▶ Information provided
---------------

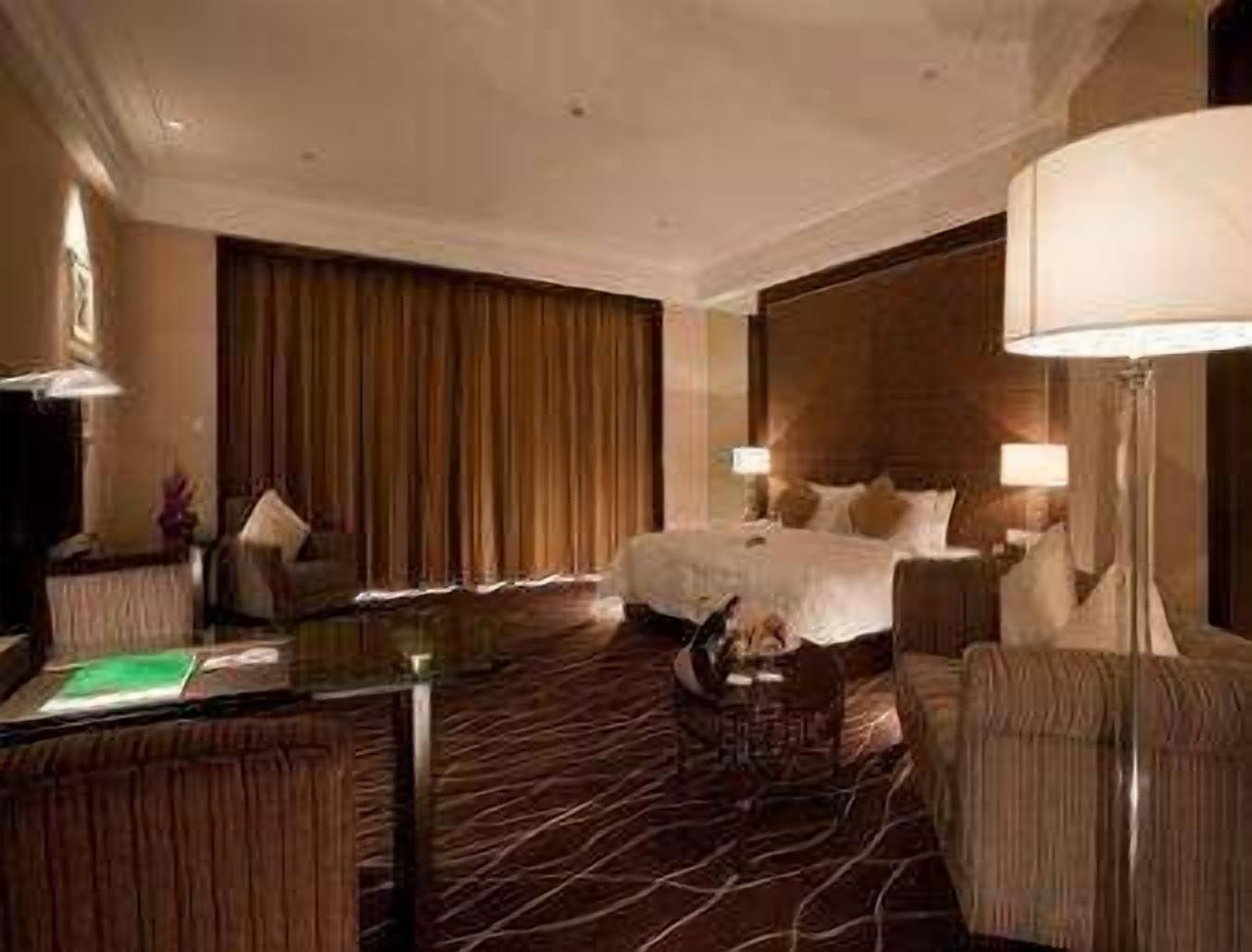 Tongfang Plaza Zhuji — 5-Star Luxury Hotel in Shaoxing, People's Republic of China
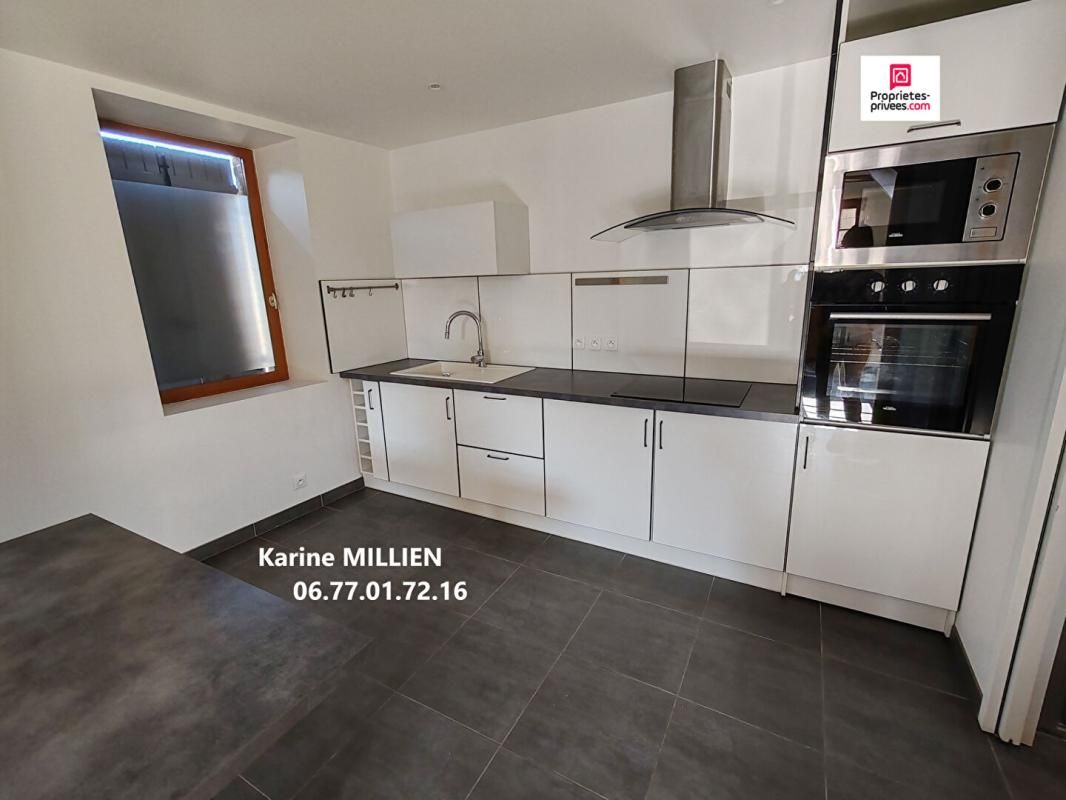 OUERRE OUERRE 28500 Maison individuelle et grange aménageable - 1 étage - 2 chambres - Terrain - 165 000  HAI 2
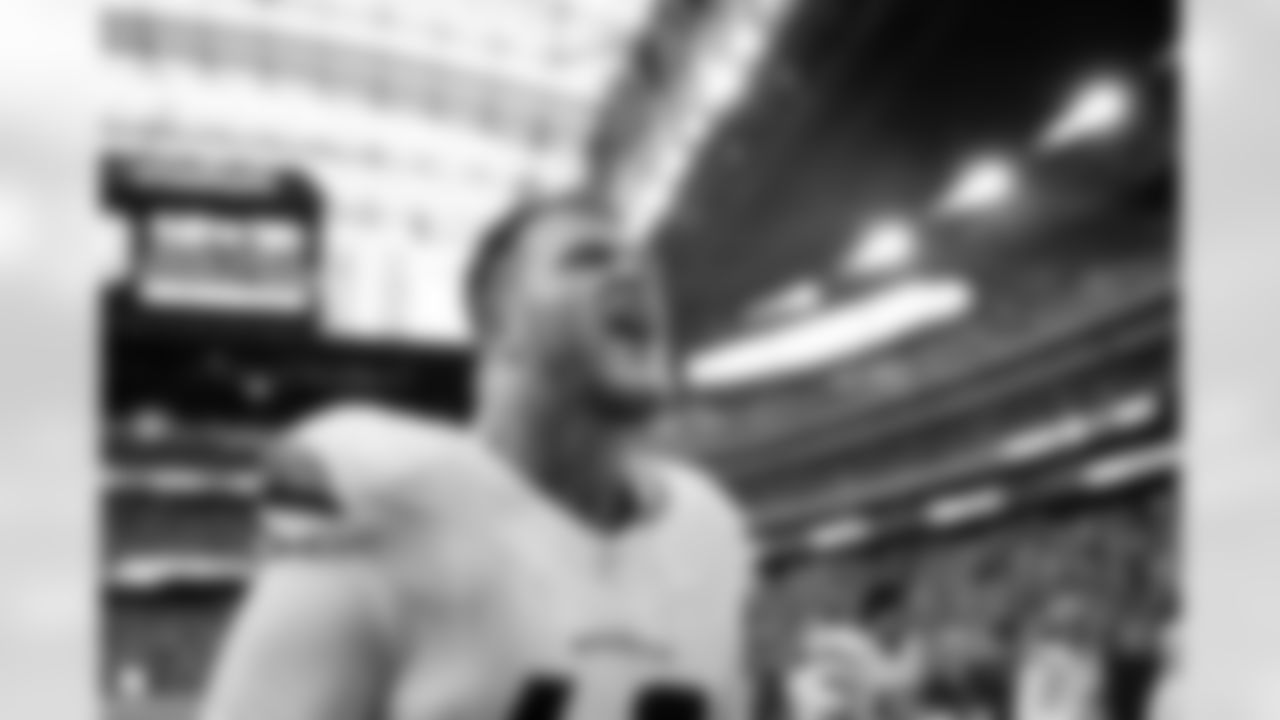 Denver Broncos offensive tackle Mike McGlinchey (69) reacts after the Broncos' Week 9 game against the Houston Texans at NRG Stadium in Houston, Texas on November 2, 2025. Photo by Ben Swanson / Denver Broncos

---------------

The lines to be extracted begin at the line containing "OUERRE OUERRE 28500" and continue through the final line of the material above, both ends included. Reproduce them exactly, without the pictures.

 OUERRE OUERRE 28500 Maison individuelle et grange aménageable - 1 étage - 2 chambres - Terrain - 165 000  HAI 2
 Denver Broncos offensive tackle Mike McGlinchey (69) reacts after the Broncos' Week 9 game against the Houston Texans at NRG Stadium in Houston, Texas on November 2, 2025. Photo by Ben Swanson / Denver Broncos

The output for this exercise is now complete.